# WiFi PCIe card with FreeBSD support



## sickboy (Apr 11, 2013)

Hi there,

I'm looking for a WiFi PCIe card (300 Mbps), supported by FreeBSD. Maybe someone here has a recommendation for me? Price doesn't matter.


----------



## dndlnx (Apr 17, 2013)

Anything Intel or Atheros would probably be fine.


----------



## break19 (Apr 17, 2013)

http://www.newegg.com/Product/Product.aspx?Item=N82E16833106136


----------



## wblock@ (Apr 17, 2013)

Supported Atheros chipsets: https://wiki.freebsd.org/dev/ath_hal(4)/HardwareSupportj


----------



## shepper (Apr 17, 2013)

You may want to actually calculate the wireless data rate as compared to your connection. My 54 Mbps 802.11b/g cards are not the bottle neck in my 1.5 Mbps DSL connection. For that matter they would not become an issue until my connection went over 54 Mbps. With a 108 Mbps card you would not see a difference until your connection went over 100 Mbps. If you are lucky enough to have a connection faster than that, by all means do not let price be an object.

Ralink cards are also well supported although like some Intel cards may require firmware.
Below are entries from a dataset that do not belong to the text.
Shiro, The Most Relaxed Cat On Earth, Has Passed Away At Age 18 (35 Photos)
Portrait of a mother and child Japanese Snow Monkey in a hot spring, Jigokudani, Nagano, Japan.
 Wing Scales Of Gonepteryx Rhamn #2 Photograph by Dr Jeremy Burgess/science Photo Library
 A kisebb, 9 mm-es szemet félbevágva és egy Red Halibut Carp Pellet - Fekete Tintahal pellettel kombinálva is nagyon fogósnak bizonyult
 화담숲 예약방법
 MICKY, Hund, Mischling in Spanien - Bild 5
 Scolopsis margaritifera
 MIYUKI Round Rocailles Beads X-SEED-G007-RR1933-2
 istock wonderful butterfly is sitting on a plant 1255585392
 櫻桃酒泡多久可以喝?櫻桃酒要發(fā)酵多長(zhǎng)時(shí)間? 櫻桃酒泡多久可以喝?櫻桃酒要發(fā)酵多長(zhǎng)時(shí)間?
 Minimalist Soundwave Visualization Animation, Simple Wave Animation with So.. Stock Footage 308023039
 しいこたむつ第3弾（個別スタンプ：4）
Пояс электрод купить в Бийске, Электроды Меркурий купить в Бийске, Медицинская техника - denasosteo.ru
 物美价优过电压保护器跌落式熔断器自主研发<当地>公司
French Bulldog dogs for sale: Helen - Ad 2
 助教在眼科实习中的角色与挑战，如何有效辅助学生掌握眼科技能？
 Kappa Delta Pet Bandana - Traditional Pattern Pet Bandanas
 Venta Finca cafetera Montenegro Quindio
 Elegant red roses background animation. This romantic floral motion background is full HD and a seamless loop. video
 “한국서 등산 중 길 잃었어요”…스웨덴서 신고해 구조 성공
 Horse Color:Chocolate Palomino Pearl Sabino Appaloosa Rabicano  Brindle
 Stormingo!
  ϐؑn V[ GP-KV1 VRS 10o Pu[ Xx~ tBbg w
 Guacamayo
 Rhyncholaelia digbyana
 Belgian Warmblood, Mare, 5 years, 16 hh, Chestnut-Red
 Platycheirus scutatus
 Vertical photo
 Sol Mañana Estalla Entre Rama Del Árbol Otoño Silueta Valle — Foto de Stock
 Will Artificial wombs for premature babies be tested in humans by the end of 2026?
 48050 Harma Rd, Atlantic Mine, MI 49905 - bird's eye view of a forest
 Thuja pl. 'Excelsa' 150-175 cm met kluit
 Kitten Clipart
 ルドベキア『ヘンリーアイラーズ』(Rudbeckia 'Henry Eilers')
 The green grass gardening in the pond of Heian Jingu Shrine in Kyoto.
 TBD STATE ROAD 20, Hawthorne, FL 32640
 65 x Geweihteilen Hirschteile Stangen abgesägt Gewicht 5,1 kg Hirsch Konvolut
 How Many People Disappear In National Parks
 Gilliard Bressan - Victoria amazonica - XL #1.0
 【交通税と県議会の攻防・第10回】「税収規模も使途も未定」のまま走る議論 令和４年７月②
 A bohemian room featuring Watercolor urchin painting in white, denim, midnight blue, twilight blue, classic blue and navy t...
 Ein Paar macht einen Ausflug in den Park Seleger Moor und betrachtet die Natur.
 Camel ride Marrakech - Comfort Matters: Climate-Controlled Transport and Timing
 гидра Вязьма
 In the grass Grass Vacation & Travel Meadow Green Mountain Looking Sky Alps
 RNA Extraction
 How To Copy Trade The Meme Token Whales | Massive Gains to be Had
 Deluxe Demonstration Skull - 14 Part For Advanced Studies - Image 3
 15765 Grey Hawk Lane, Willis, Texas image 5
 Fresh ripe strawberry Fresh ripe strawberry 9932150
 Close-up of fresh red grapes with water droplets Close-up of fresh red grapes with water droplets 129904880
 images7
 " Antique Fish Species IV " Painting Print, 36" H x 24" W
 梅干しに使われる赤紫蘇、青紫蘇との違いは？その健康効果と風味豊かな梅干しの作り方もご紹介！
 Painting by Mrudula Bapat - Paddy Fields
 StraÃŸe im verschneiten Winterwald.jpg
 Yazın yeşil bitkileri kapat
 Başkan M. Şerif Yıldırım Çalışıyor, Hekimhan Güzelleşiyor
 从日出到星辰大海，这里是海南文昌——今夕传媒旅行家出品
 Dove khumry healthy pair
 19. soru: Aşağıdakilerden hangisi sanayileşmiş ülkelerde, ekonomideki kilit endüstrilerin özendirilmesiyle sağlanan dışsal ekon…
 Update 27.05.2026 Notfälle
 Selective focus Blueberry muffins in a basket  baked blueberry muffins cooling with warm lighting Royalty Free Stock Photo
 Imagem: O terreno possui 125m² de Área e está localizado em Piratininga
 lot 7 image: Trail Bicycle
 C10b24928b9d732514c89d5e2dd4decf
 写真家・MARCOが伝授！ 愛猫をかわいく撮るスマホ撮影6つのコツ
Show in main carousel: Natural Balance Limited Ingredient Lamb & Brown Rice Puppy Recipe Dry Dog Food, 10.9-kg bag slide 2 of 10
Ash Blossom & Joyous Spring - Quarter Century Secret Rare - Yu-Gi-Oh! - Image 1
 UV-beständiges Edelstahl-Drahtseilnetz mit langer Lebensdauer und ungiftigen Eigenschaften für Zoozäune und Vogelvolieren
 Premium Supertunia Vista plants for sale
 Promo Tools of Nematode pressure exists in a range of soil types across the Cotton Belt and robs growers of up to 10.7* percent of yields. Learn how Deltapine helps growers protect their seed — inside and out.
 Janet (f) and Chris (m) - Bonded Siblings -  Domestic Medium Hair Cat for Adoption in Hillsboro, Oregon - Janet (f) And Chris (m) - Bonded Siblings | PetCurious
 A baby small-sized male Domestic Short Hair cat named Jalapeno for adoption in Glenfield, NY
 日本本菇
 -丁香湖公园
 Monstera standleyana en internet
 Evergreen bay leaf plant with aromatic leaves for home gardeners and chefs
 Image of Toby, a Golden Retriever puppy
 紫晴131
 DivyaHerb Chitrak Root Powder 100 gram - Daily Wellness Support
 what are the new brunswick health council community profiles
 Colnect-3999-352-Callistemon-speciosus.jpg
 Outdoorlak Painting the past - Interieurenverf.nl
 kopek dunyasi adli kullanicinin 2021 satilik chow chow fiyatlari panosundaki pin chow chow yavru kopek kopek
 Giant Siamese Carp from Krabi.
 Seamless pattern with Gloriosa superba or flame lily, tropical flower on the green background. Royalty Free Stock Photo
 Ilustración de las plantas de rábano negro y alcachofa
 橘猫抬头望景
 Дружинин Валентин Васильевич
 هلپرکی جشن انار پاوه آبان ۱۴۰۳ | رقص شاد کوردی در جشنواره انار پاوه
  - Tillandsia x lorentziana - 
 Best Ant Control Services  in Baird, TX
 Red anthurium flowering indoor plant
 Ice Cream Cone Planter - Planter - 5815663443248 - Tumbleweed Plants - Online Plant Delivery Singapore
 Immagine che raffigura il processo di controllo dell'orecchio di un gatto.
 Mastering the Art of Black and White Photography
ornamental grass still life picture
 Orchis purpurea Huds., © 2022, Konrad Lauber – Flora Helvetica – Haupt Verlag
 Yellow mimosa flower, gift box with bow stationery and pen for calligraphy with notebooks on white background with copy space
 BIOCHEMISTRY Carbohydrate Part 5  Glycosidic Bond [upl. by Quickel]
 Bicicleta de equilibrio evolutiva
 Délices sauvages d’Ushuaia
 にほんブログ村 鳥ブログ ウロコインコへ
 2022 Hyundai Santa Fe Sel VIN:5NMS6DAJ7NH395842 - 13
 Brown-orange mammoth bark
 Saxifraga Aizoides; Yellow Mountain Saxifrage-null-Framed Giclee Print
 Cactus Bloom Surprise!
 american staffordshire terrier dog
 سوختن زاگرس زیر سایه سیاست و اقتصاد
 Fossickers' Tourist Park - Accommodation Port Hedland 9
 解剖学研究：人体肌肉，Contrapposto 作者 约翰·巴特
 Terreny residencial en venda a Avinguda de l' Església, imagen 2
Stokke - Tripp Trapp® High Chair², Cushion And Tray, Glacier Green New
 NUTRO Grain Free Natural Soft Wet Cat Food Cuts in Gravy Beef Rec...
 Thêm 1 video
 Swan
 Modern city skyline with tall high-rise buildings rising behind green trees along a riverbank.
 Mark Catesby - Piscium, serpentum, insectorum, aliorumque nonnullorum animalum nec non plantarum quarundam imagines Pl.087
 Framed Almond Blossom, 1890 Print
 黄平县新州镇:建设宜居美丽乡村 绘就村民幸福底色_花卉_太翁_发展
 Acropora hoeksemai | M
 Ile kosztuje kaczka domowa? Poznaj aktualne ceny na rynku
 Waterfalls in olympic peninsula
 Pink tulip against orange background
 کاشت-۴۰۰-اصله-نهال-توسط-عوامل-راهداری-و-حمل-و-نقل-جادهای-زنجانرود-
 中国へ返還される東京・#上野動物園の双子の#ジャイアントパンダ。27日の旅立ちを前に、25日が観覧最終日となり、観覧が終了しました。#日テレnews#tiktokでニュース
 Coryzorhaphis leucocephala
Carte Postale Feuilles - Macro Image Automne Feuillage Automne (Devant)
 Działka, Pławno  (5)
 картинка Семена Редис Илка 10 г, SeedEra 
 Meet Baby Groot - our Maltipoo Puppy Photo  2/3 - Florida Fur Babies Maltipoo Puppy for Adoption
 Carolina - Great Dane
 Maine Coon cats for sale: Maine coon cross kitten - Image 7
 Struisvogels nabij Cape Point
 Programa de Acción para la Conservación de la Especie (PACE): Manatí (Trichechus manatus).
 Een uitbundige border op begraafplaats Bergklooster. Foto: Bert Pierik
DutchDaemon, in the following post, points out that my terminology was confusing and I apologize for that.  I actually pulled the abbreviations from the web sites of some vendors.  This actually is a good illustration of marketing tactics.  Why do Internet service providers and the manufactures of networking cards not use the same syntax?  This would make it easy to purchase a card that is a good fit for your connection.

From this link:


> The wireless speed of your router is the LAN speed. The LAN consists of all the computers and devices hooked to your router in your house. Connections will always default to the slowest device. For example if you have a wireless N router (300Mbps) connected to a wireless G laptop (54Mbps), then the laptop can communicate with the router at 54Mbps. If you wanted to copy a file from your laptop to a desktop connected to your router via a Ethernet (100Mbps) cable connection, then you could do that at the laptop's wireless G speed of 54Mbps.
> 
> Now for the DSL speed. The Internet is the other network connected to your router via your DSL modem. The Internet is a Wide Area Network or WAN. Your DSL modem can communicate with your Internet provider at a maximum of 6Mbps. This connection bandwidth is shared by your entire LAN via your router. If one user is utilizing 4Mbps of the bandwidth that only leaves 2Mbps for the rest of the users on the LAN.
> 
> ...


----------



## shaqan (Apr 18, 2013)

I found a spreadsheet on the pfSense forum regarding FreeBSD WiFi chipsets and capabilities available. Safest bet would probably be crosschecking chipset markings on every WiFi card getting on your way.


----------



## wblock@ (Apr 18, 2013)

@shepper, that quote is trying to explain bottlenecks but not doing it very well.  Also, some of the statements in it look to be based on misunderstandings.  Ethernet does not "default to the slowest standard", for example.


----------



## shepper (Apr 19, 2013)

Here is a more comprehensive link from Wikipedia: List of Device Bit rates

The tables provide a good summary.


----------